(Items from a dataset)
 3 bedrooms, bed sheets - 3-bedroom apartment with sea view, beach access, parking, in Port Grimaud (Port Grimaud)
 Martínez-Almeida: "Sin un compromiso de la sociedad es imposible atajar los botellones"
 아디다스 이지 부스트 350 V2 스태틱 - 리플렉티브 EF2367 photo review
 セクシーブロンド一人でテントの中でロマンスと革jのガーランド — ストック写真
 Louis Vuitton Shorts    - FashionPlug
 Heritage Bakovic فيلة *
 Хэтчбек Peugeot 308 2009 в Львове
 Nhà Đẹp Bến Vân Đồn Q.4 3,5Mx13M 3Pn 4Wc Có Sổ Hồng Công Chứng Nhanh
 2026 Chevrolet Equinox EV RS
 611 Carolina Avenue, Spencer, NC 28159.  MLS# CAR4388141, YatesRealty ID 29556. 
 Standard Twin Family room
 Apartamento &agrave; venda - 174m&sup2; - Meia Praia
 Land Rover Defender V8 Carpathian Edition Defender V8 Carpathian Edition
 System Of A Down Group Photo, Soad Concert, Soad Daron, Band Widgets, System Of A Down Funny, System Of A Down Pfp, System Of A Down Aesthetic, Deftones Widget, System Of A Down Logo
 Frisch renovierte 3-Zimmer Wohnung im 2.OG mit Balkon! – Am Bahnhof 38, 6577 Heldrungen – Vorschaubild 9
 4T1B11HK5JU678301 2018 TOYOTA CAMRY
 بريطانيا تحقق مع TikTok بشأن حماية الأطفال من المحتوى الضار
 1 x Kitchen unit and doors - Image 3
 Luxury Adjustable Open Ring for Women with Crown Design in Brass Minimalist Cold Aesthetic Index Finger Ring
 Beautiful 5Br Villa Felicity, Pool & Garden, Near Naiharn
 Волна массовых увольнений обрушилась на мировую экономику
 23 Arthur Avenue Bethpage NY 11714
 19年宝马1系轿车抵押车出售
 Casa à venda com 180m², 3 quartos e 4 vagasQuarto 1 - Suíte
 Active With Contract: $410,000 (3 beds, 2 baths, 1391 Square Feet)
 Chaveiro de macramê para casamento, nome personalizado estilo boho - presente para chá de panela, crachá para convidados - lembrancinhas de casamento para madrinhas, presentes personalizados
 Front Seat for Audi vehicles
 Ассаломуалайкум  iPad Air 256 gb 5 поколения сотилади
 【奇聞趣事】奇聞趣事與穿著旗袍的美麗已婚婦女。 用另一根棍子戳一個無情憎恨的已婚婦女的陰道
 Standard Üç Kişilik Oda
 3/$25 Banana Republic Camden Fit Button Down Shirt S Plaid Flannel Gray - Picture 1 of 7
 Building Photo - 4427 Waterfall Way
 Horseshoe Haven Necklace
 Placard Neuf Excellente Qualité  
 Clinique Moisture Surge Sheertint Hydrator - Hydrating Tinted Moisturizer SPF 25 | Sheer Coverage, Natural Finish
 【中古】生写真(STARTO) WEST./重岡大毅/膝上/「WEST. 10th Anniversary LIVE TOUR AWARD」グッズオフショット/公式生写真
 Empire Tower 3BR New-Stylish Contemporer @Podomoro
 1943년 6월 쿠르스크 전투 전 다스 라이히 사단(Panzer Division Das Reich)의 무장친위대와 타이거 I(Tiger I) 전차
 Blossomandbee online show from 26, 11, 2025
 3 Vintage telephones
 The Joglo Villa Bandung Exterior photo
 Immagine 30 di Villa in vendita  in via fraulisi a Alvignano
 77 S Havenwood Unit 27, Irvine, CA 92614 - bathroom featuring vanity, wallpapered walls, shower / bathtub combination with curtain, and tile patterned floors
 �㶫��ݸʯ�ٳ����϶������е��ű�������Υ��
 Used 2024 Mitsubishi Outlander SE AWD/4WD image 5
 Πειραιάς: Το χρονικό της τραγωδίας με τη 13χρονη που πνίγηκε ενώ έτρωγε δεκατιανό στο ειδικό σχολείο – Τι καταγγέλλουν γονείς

Work to be completed: The answer must be the same records, repeated exactly and in full.

Exercise output:
 3 bedrooms, bed sheets - 3-bedroom apartment with sea view, beach access, parking, in Port Grimaud (Port Grimaud)
 Martínez-Almeida: "Sin un compromiso de la sociedad es imposible atajar los botellones"
 아디다스 이지 부스트 350 V2 스태틱 - 리플렉티브 EF2367 photo review
 セクシーブロンド一人でテントの中でロマンスと革jのガーランド — ストック写真
 Louis Vuitton Shorts    - FashionPlug
 Heritage Bakovic فيلة *
 Хэтчбек Peugeot 308 2009 в Львове
 Nhà Đẹp Bến Vân Đồn Q.4 3,5Mx13M 3Pn 4Wc Có Sổ Hồng Công Chứng Nhanh
 2026 Chevrolet Equinox EV RS
 611 Carolina Avenue, Spencer, NC 28159.  MLS# CAR4388141, YatesRealty ID 29556. 
 Standard Twin Family room
 Apartamento &agrave; venda - 174m&sup2; - Meia Praia
 Land Rover Defender V8 Carpathian Edition Defender V8 Carpathian Edition
 System Of A Down Group Photo, Soad Concert, Soad Daron, Band Widgets, System Of A Down Funny, System Of A Down Pfp, System Of A Down Aesthetic, Deftones Widget, System Of A Down Logo
 Frisch renovierte 3-Zimmer Wohnung im 2.OG mit Balkon! – Am Bahnhof 38, 6577 Heldrungen – Vorschaubild 9
 4T1B11HK5JU678301 2018 TOYOTA CAMRY
 بريطانيا تحقق مع TikTok بشأن حماية الأطفال من المحتوى الضار
 1 x Kitchen unit and doors - Image 3
 Luxury Adjustable Open Ring for Women with Crown Design in Brass Minimalist Cold Aesthetic Index Finger Ring
 Beautiful 5Br Villa Felicity, Pool & Garden, Near Naiharn
 Волна массовых увольнений обрушилась на мировую экономику
 23 Arthur Avenue Bethpage NY 11714
 19年宝马1系轿车抵押车出售
 Casa à venda com 180m², 3 quartos e 4 vagasQuarto 1 - Suíte
 Active With Contract: $410,000 (3 beds, 2 baths, 1391 Square Feet)
 Chaveiro de macramê para casamento, nome personalizado estilo boho - presente para chá de panela, crachá para convidados - lembrancinhas de casamento para madrinhas, presentes personalizados
 Front Seat for Audi vehicles
 Ассаломуалайкум  iPad Air 256 gb 5 поколения сотилади
 【奇聞趣事】奇聞趣事與穿著旗袍的美麗已婚婦女。 用另一根棍子戳一個無情憎恨的已婚婦女的陰道
 Standard Üç Kişilik Oda
 3/$25 Banana Republic Camden Fit Button Down Shirt S Plaid Flannel Gray - Picture 1 of 7
 Building Photo - 4427 Waterfall Way
 Horseshoe Haven Necklace
 Placard Neuf Excellente Qualité  
 Clinique Moisture Surge Sheertint Hydrator - Hydrating Tinted Moisturizer SPF 25 | Sheer Coverage, Natural Finish
 【中古】生写真(STARTO) WEST./重岡大毅/膝上/「WEST. 10th Anniversary LIVE TOUR AWARD」グッズオフショット/公式生写真
 Empire Tower 3BR New-Stylish Contemporer @Podomoro
 1943년 6월 쿠르스크 전투 전 다스 라이히 사단(Panzer Division Das Reich)의 무장친위대와 타이거 I(Tiger I) 전차
 Blossomandbee online show from 26, 11, 2025
 3 Vintage telephones
 The Joglo Villa Bandung Exterior photo
 Immagine 30 di Villa in vendita  in via fraulisi a Alvignano
 77 S Havenwood Unit 27, Irvine, CA 92614 - bathroom featuring vanity, wallpapered walls, shower / bathtub combination with curtain, and tile patterned floors
 �㶫��ݸʯ�ٳ����϶������е��ű�������Υ��
 Used 2024 Mitsubishi Outlander SE AWD/4WD image 5
 Πειραιάς: Το χρονικό της τραγωδίας με τη 13χρονη που πνίγηκε ενώ έτρωγε δεκατιανό στο ειδικό σχολείο – Τι καταγγέλλουν γονείς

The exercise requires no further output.